Yeni Ahit’te, Paulus, Yakup, Luka ve Yuhanna’nın, inananları dünyevi yaşamdan nefret etmeye çağırdığı pasajların listesi uzar gider. Bu tema sürekli yinelenir: Bu yaşam iğrençtir, yaşam bir sürgündür ve bizim, onun mümkün olduğunca kısa sürmesini dilememiz gerekir. “Canımı hiç önemsemiyorum, ona değer vermiyorum,” der Aziz Paulus, Eski Ahit’in pek
çok metnine karşılık vererek.
İlk Hıristiyan kuşaklar, zulümler sırasında bunu çok iyi anlar ve tereddüt etmeden ölüme koşarlar. “Ölümü göze alacak kadar vazgeçmişlerdi can sevgisinden” der Aziz Yuhanna, I. yüzyılın sonunda ve “İsa’ya tanıklık ve Tanrı’nın sözü uğruna başı kesilenleri” cennete yerleştirir.

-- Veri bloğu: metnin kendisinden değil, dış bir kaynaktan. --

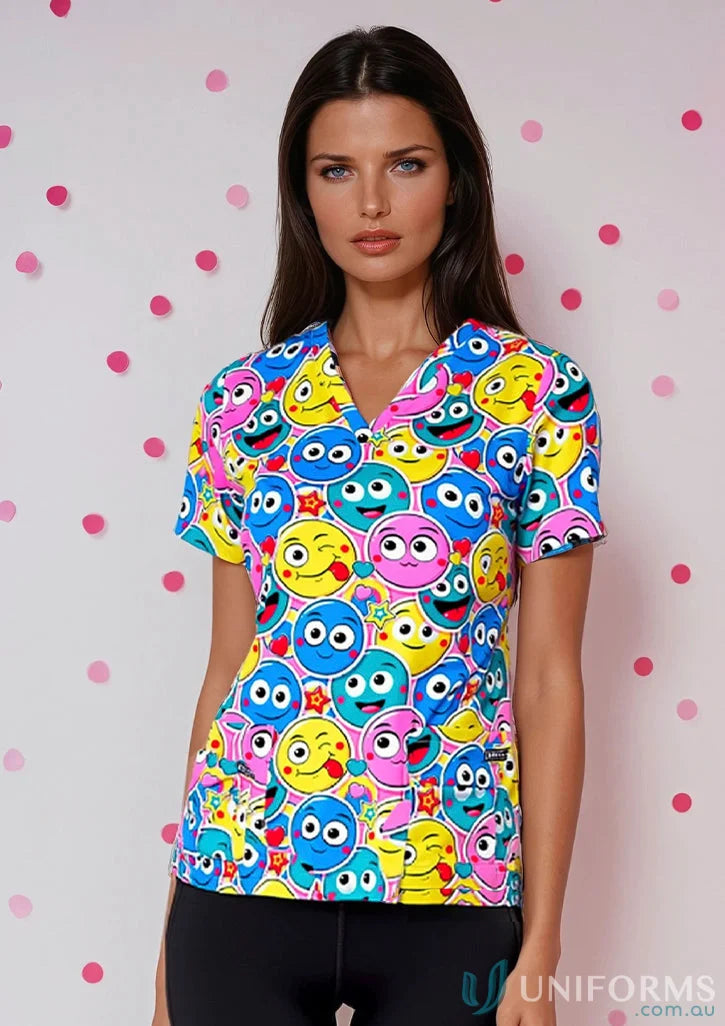 Woman wearing a colorful emoji-patterned 4stp1-smiley scrub top, perfect for beauty therapists uniforms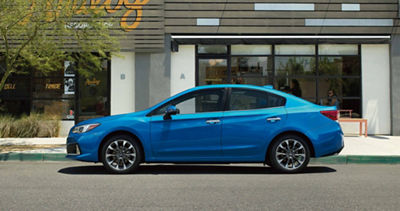 MY20 Impreza parked at curb outside of storefront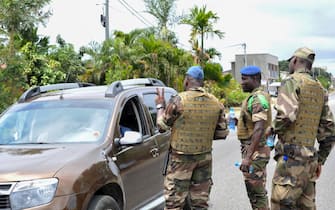 epa10828741 Members of the security forces gesture to a driver, at a checkpoint in the streets of Akanda, Gabon, 30 August 2023. Members of the Gabonese army on 30 August announced on national television that they were canceling the election results and putting an end to Gabonese President Ali Bongo's regime, who had been declared the winner.  EPA/STR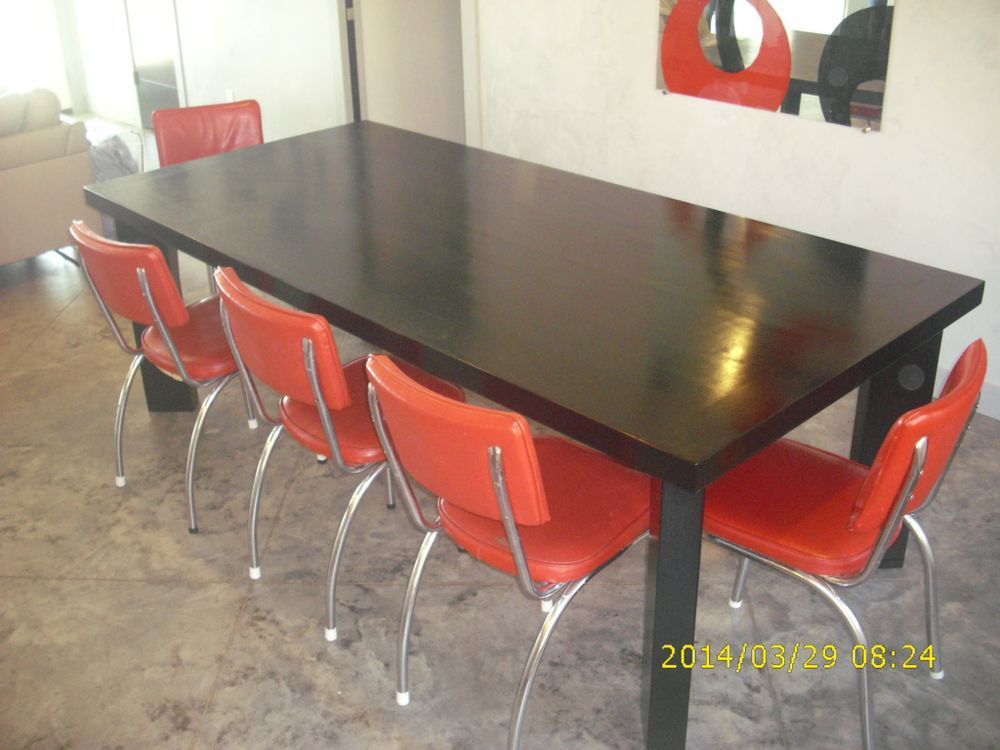 Dark wooden dining table with six red chairs; a modern interior.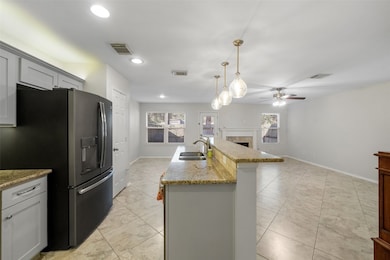 Another view of the kitchen highlights the invitin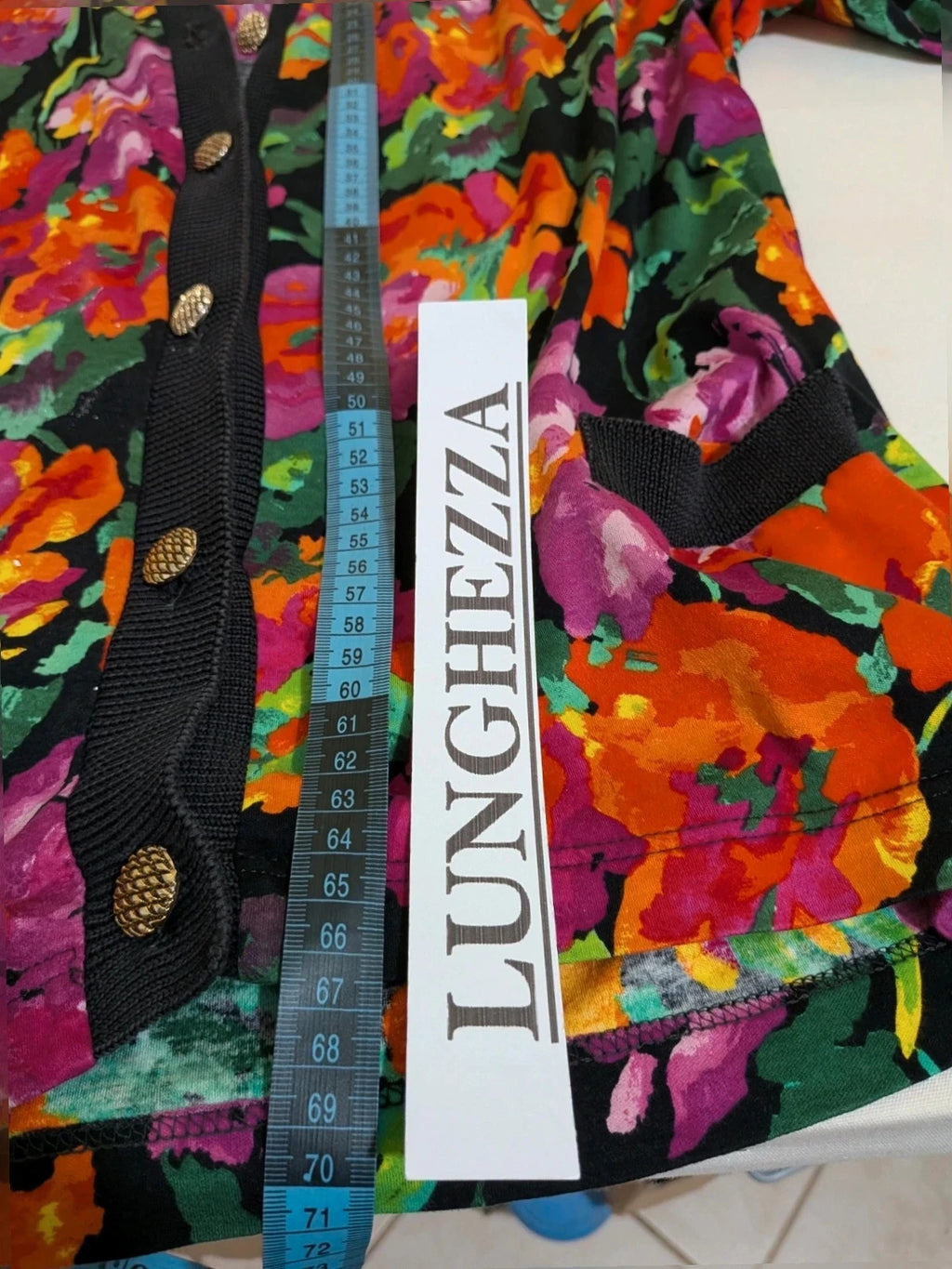 Leda Grotte black floral skirt suit with gold buttons and short balloon sleeves.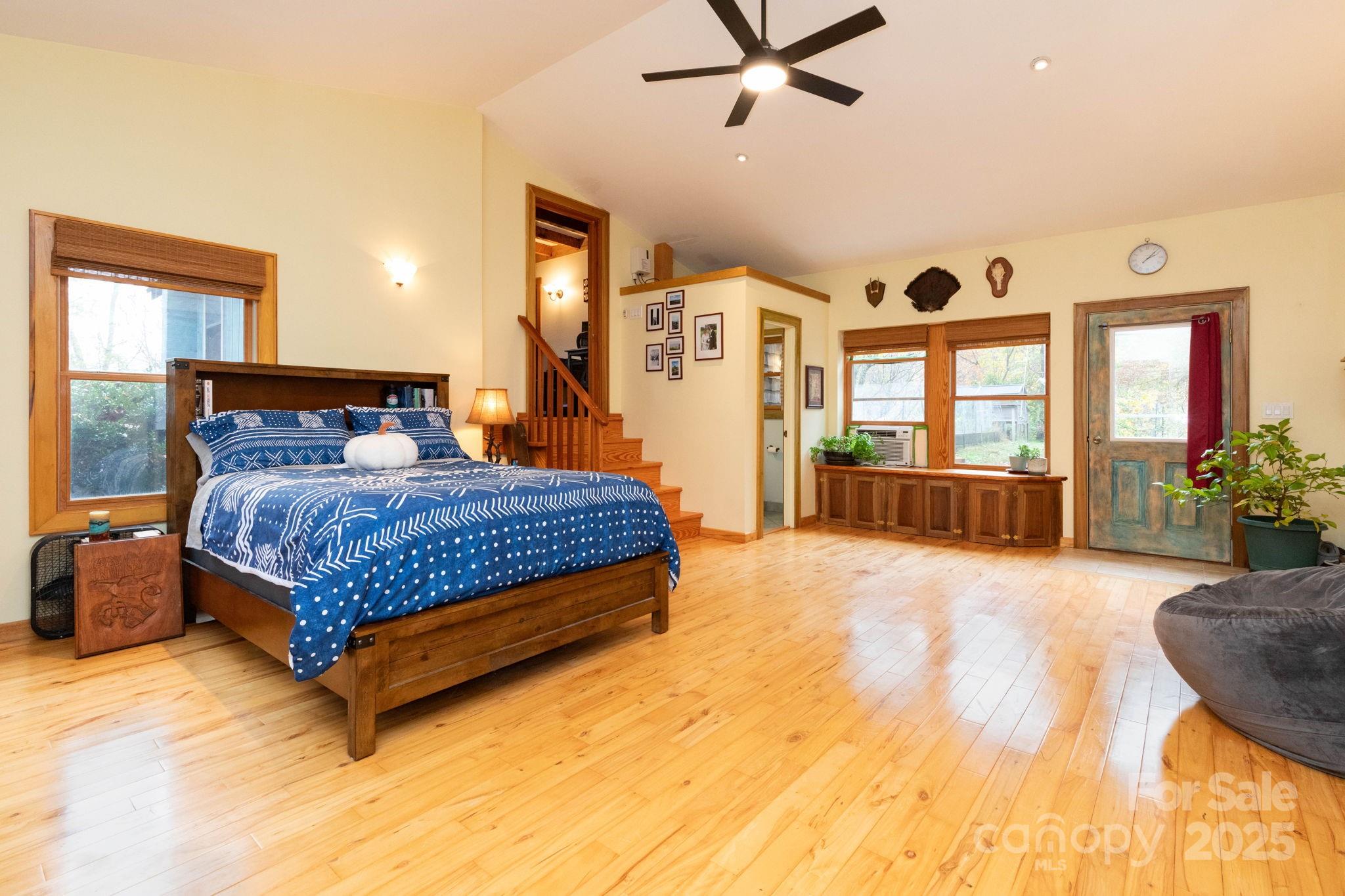 35 Norton Br Road Marshall, NC 28753 - Photo 16 of 35 a bedroom with a large bed and a chandelier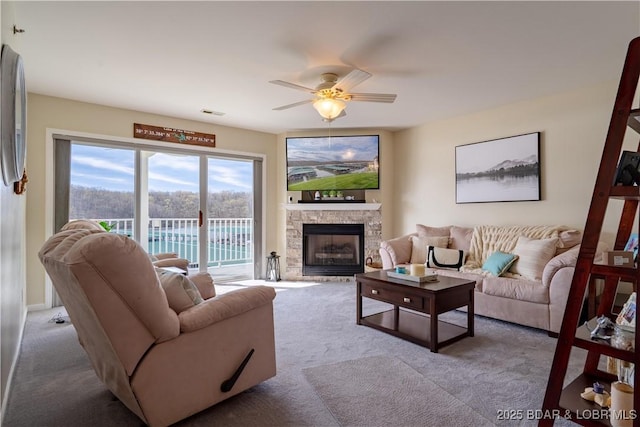 living area featuring ceiling fan, carpet, a stone fireplace, and visible vents
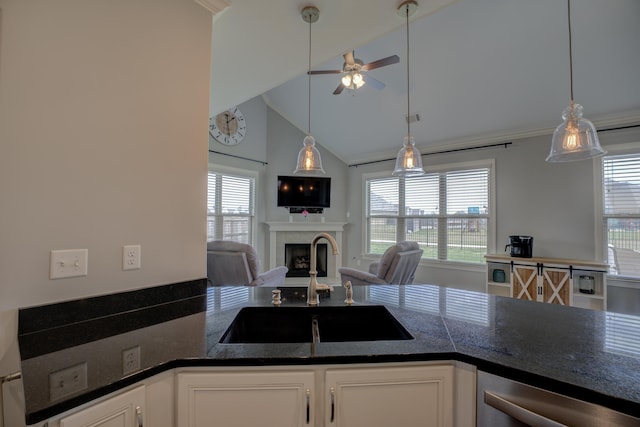 kitchen with a fireplace, a ceiling fan, white cabinets, a sink, and open floor plan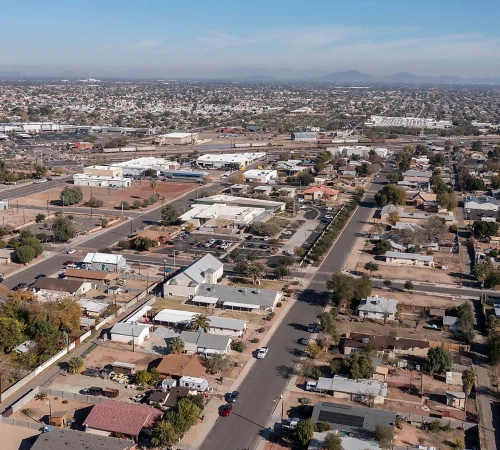 Aerial view of a sprawling suburban and commercial neighborhood with streets, houses, and distant open land under a hazy sky.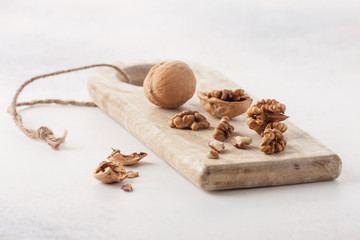 Walnuts on a wooden board on a light background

II. yüzyılda, Aziz Justin, Apologie’sinde, ölüme koşan Hıristiyanları göklere çıkarır, III. yüzyılın başında da, Tertullianus ve Montanistler gönüllü şehitliği överler. Şehitlerin işler’i, kendini bırakan ya da otoritelere yanıt olarak tereddüt etmeden ölümü seçen Hıristiyan örnekleriyle doludur.
Hıristiyanlık, bu “dünya" yaşamının iğrenç olduğunu ve
Tanrı’ya ve sonsuz yaşama kavuşmak için ölmeye can atmak gerektiğini ileri süren karmaşık bir ortamda doğar ve gelişir.